Prompt: In the material below, begin at the line that has "The fuel can", stop after the line that has "Here you can", and transcribe those lines exactly, without pictures.

Given data:
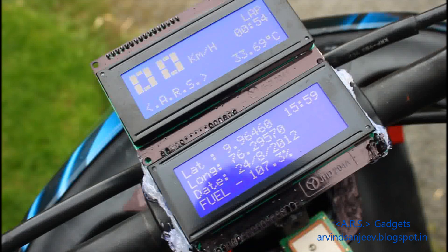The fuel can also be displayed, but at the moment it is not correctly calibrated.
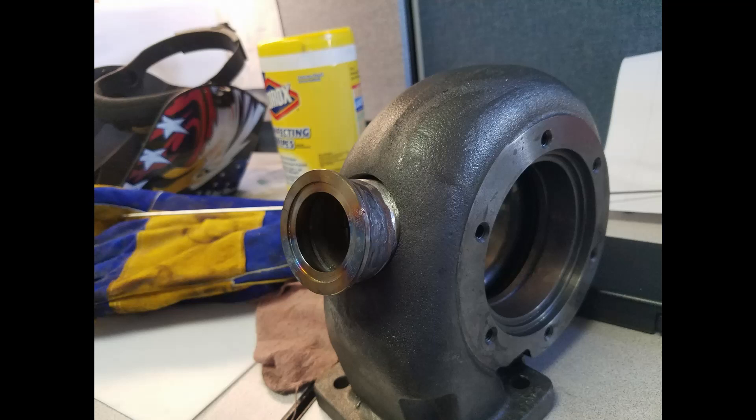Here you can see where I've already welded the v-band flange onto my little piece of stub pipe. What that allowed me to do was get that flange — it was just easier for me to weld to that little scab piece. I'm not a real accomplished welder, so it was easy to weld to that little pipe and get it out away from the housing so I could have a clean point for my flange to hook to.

---

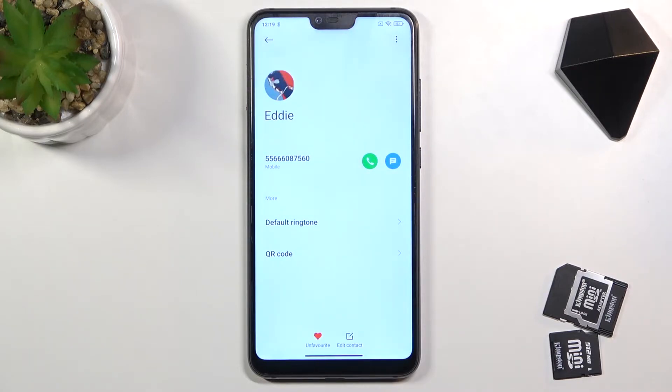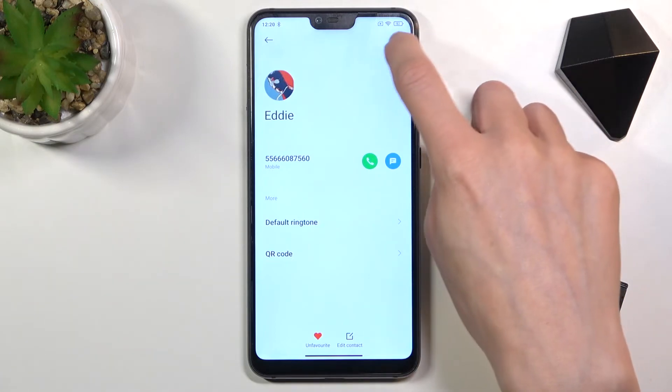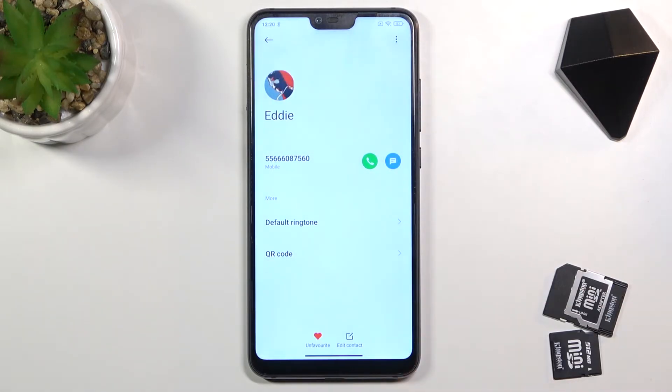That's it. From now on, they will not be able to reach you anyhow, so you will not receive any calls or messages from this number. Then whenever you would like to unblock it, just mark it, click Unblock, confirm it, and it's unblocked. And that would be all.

Expected output:
The fuel can also be displayed, but at the moment it is not correctly calibrated.
Here you can see where I've already welded the v-band flange onto my little piece of stub pipe. What that allowed me to do was get that flange — it was just easier for me to weld to that little scab piece. I'm not a real accomplished welder, so it was easy to weld to that little pipe and get it out away from the housing so I could have a clean point for my flange to hook to.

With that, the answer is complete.